What you are asked to do: The answer is the data below, repeated exactly, with no pictures included.
[[ Stored data, beginning ]]
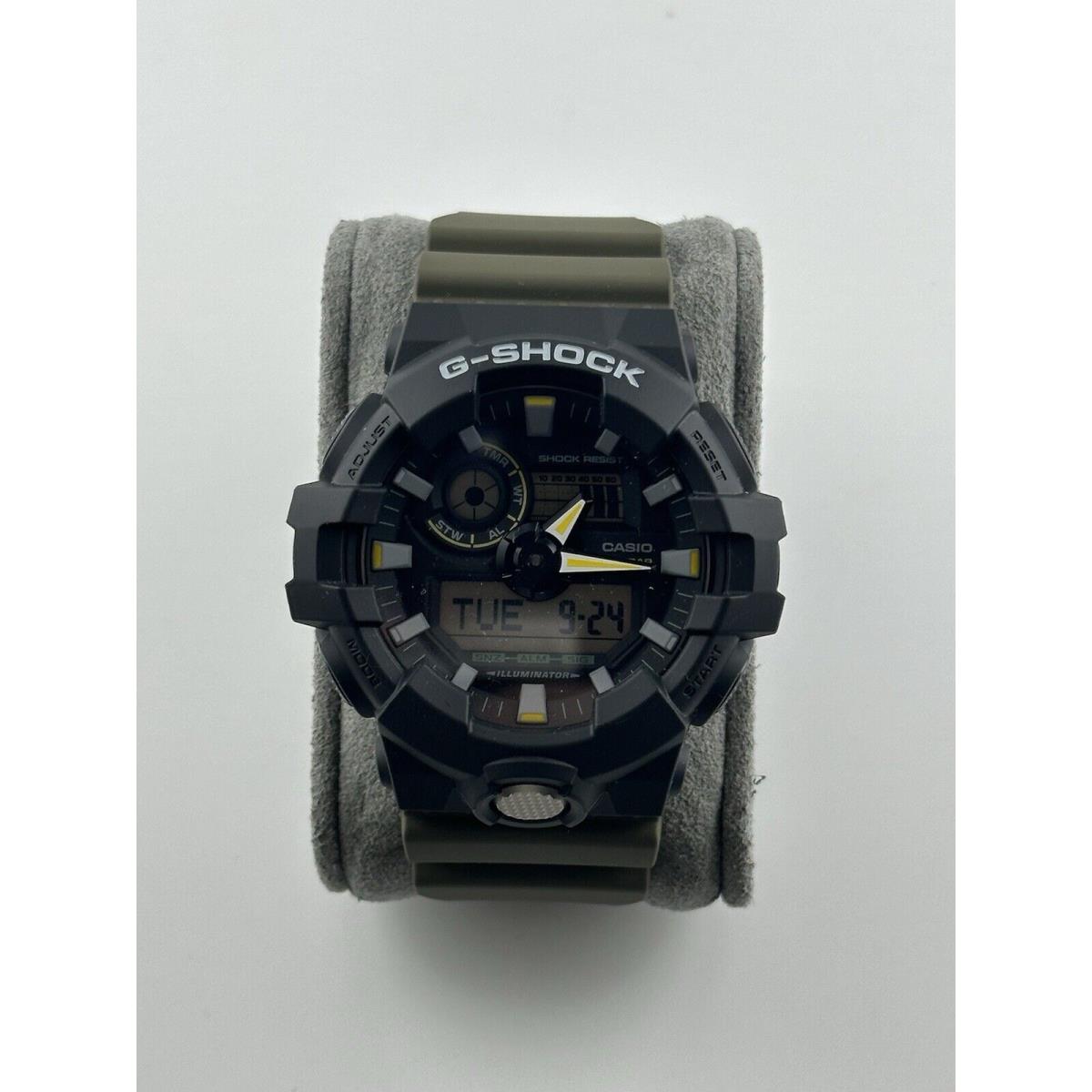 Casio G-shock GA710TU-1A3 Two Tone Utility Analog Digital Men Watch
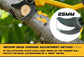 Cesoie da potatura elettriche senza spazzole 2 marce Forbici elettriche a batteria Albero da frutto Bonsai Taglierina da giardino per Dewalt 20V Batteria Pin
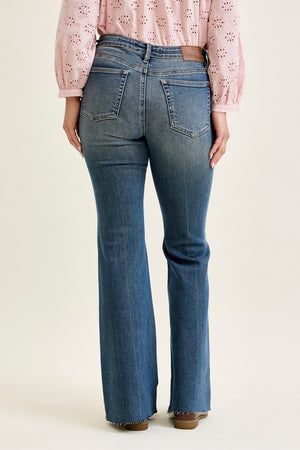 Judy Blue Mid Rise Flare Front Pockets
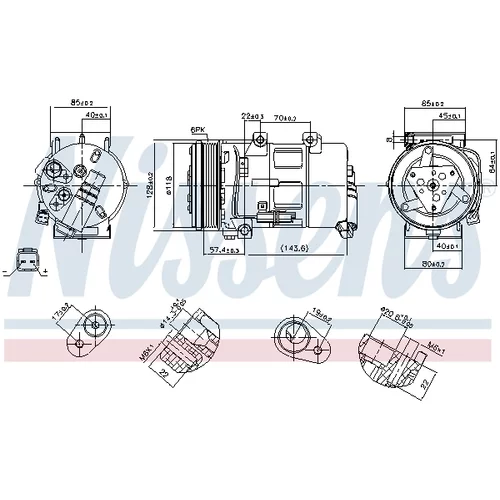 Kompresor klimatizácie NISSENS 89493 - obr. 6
[[ Stored data, end ]]
Exercise output:
 Casio G-shock GA710TU-1A3 Two Tone Utility Analog Digital Men Watch
 Cesoie da potatura elettriche senza spazzole 2 marce Forbici elettriche a batteria Albero da frutto Bonsai Taglierina da giardino per Dewalt 20V Batteria Pin
 Judy Blue Mid Rise Flare Front Pockets
 Kompresor klimatizácie NISSENS 89493 - obr. 6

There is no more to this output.